It’s Christmas Eve and I’m starting a five-night observing run at the Keck Telescope using a high-resolution spectrograph (HIRES) to search for exoplanets. In the photo here, I am communicating with the telescope operator, Terry, by polycom. He is on the summit of Mauna Kea at 14,000 ft where the air is thin and I see that he has oxygen flowing. I’m glad that I’m working in comfort at Keck HQ in Waimea.
Tonight, I’m using the Doppler technique to measure the velocities of stars. Orbiting planets tug their host stars around a common center of mass. This reflex stellar velocity is largest for massive planets.
When small stars eclipse larger stars, the brightness dip can be virtually the same as those for transiting gas giant planets. To confirm a transit candidate as a planet, Doppler measurements are needed to determine the mass of the transiting object. The Kepler team has a massive follow-up campaign (led by Dr. Geoff Marcy at UC Berkeley) using the same setup that I’m using now. Dr. Natalie Batalha (Deputy Scientist for the Kepler project) explains that the team is also eager to have others helping and to have Planet Hunters combing through the data. Watch for a blog post by Dr. Batalha here soon!
Some of you have asked how many consecutive low points you should see during a transit. That depends on how close the planet is to the star. Close planets orbit faster and transit in a few hours while more distant planets take several hours to transit. You should look for more than one low point. Since the brightness measurements are taken every 30 minutes, a 3 hour transit would consist of just 6 low points. However the ingress, or first transit point, might be transitional and not reach the transit floor. Ditto for the egress, or last transit point).
The light curves for eclipsing binary stars are quite spectacular – they remind me of sketches I used to make with a “spirograph” toy I had as a kid. Some of the planet hunters have called this a shutter effect and I’ve written a quick program to demonstrate what is happening. In the Figure below, I created a theoretical light curve for a contact eclipsing binary with an orbital period of just 6 hours. If we had observations of this star every few minutes, then the light curve would look similar to a sine wave (left plot). However, if we observe this star less frequently (a slow “shutter speed”), then some interesting patterns emerge. The plot on the right in the Figure below shows an under-sampling of the light curve over 30 days. The pattern is similar to what appears in some of the eclipsing binary curves you are finding in the Kepler data.
I’m Debra Fischer, a Professor of Astronomy at Yale University. Many of you have already discovered some amazing eclipsing binary light curves, and we wanted to provide you with some information. The Figures here show examples that you have put into collections. Some great additional examples are shown in a paper from the Kepler team (Prsá et al. 2010 http://arxiv.org/abs/1006.2815).

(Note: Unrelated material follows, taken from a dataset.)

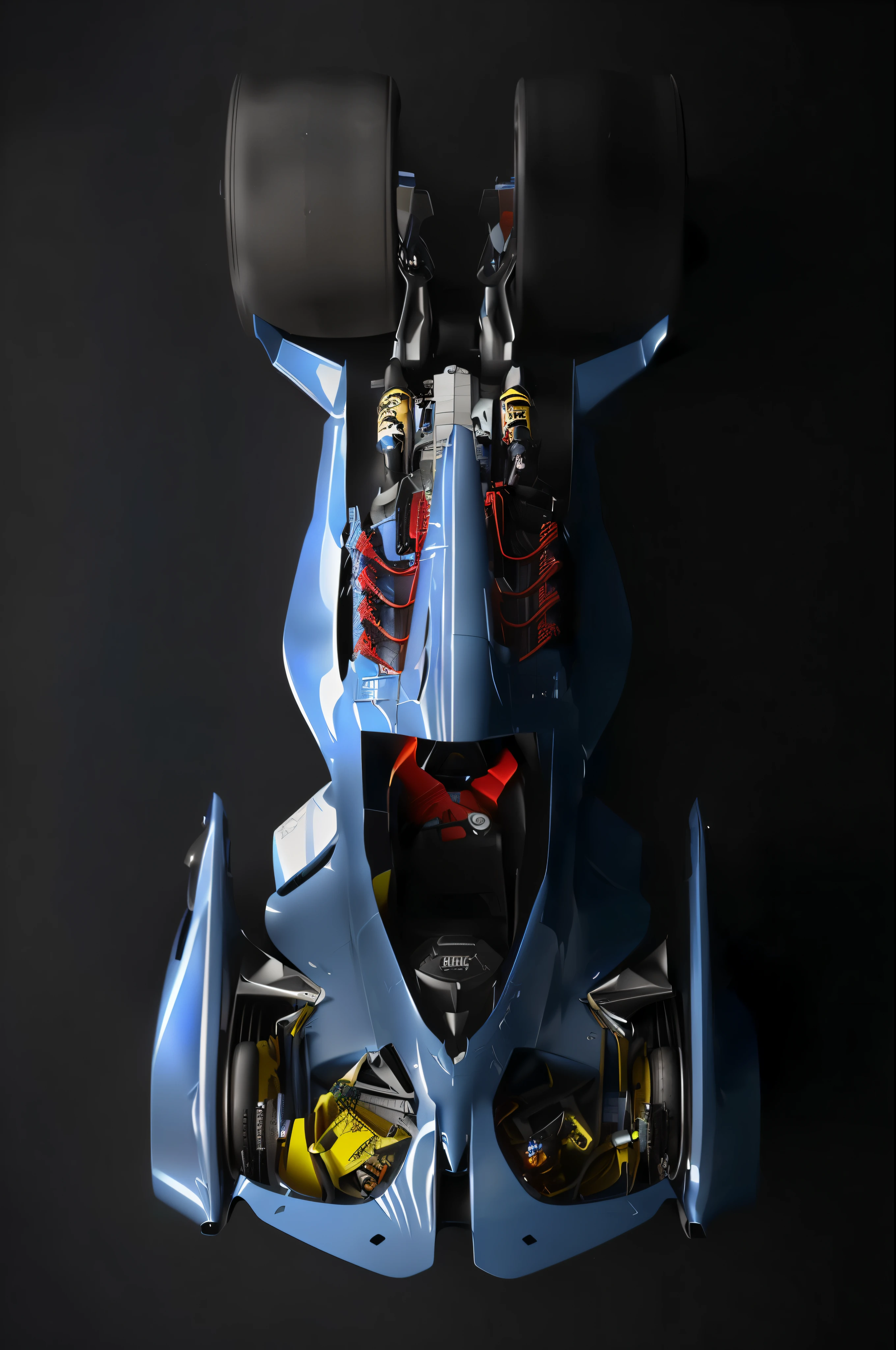 a close up of a blue race car with a lot of tools, badass batmobile car design, hyper detailed 3d render, hyper detailed 3 d render, octane highly render, highly detail. octane render, vehicle concept photo!!, extreme hight detail, batmobile, octane engine render, top-down view, top - down view, highly photographic render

The Kepler light curves show how the brightness of the star changes with time. In Figure 1 (APH10135736 = KID 6449358) above, there are two stars orbiting each other. Similar to transiting planets, these stars cross in front of each other. The light curve shows the brightness level of the star, plotted vs time in days. Most of the time, both the larger, hotter star and the smaller cooler star yield a combined brightness measurement for the light curve. When the deep dip in brightness (the primary minimum) occurs it’s because the smaller cooler star is eclipsing the hotter star, which contributes most of the light; when the smaller dip (secondary minimum) occurs, it’s because the larger hotter star is eclipsing the smaller star, which contributes less light to the combined brightness. Stars with flat regions punctuated by relatively sharp dips (e.g. Figure 1) are known as Algol binaries.
A key indicator of eclipsing (or transiting planet) light curves is repeatability.
- you can count the number of days between the large dips to determine the orbital period (about 5 days) of this binary star system in Figure 1
- you can determine how long it takes the stars to cross by the duration of the transit dip (hours for Figure 1)
- you know that one star is larger than the other if the transits don’t have equal dips
Notice that the depth of the brightness dips for an eclipsing binary star can be similar to those for a transiting planet. The transit depth tells us the ratio of the size of the transiting (or eclipsing) object relative to the size of the primary star and the smallest stars have diameters that are similar to Jupiter (stars are gas and the increased gravity from the larger mass star compresses the structure).
Sometimes binary stars are so close that the surfaces are distorted into an elliptical shape and the light curve between the eclipses is rounded, as in the left image of Figure 2 (APH10039007 = KID 9357275), where the orbital period is a little more than one day. You can see both the primary and secondary transit dip in this light curve. The most bizarre eclipsing binary light curves are those where the stars are even closer together, called over-contact binaries. An example of this is shown in the right image of Figure 2 (APH10102932 = KID 4633285). These stars can be so close together that they share a common envelope. The eclipse depth is variable, the light curve looks irregular, and there can be mass transfer between the stars.